> GOAL OF THE EXERCISE: Below is some data. Retype exactly the lines starting at the one with "Carter 2 Collarless Blazer" and ending at the one with "2015 BMW X5".

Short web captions
Start of Block

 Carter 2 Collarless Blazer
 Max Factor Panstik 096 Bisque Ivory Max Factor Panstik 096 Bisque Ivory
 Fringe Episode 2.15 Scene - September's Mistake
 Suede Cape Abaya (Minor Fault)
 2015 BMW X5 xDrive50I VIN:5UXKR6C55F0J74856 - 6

End of Block
Start of Block

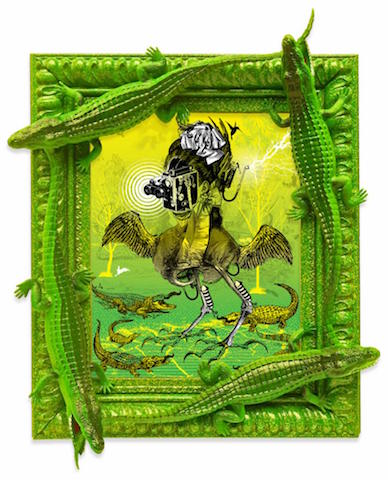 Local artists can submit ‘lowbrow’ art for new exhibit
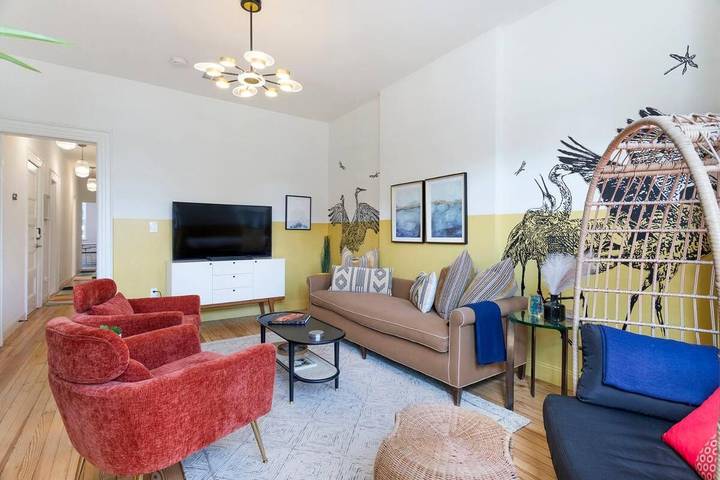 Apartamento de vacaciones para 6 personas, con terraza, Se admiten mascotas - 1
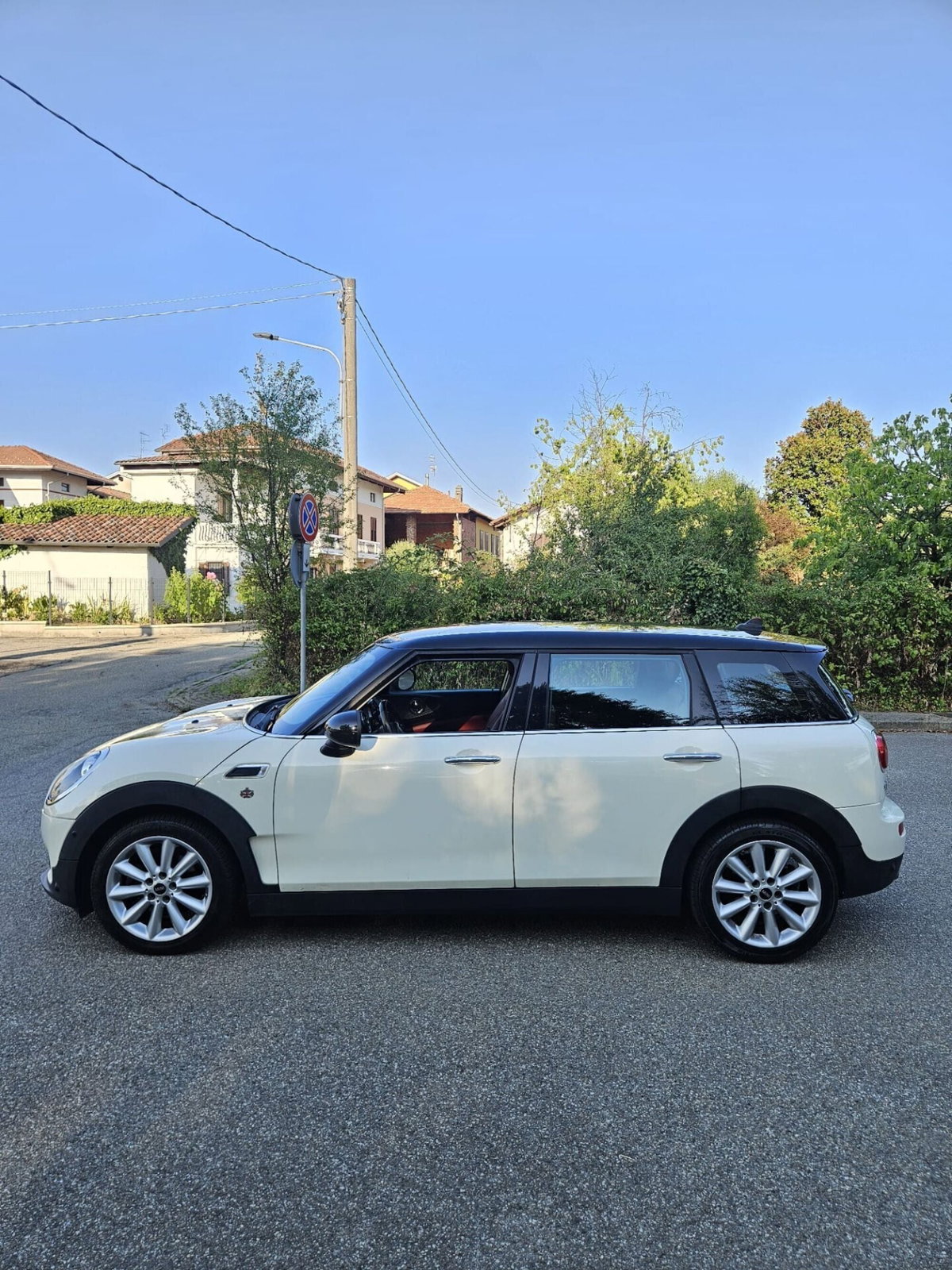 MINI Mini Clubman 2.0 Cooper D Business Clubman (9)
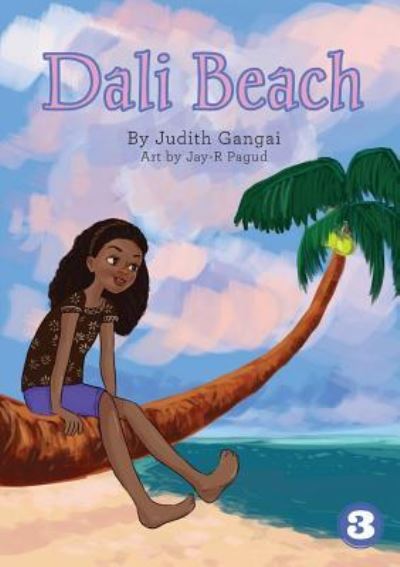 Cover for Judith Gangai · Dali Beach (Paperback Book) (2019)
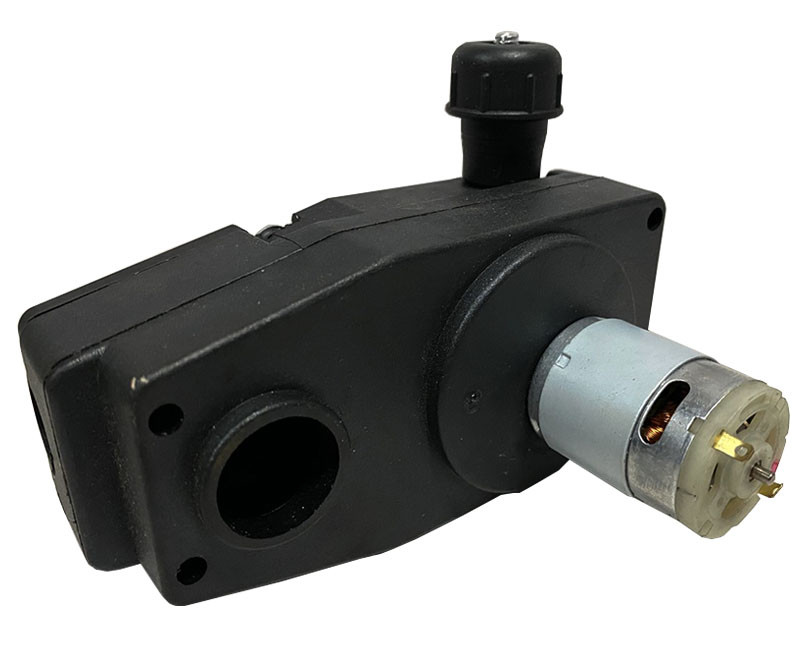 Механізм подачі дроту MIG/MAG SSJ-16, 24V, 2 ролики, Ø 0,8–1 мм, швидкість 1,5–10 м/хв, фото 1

End of Block

> ANSWER AREA:
 Carter 2 Collarless Blazer
 Max Factor Panstik 096 Bisque Ivory Max Factor Panstik 096 Bisque Ivory
 Fringe Episode 2.15 Scene - September's Mistake
 Suede Cape Abaya (Minor Fault)
 2015 BMW X5 xDrive50I VIN:5UXKR6C55F0J74856 - 6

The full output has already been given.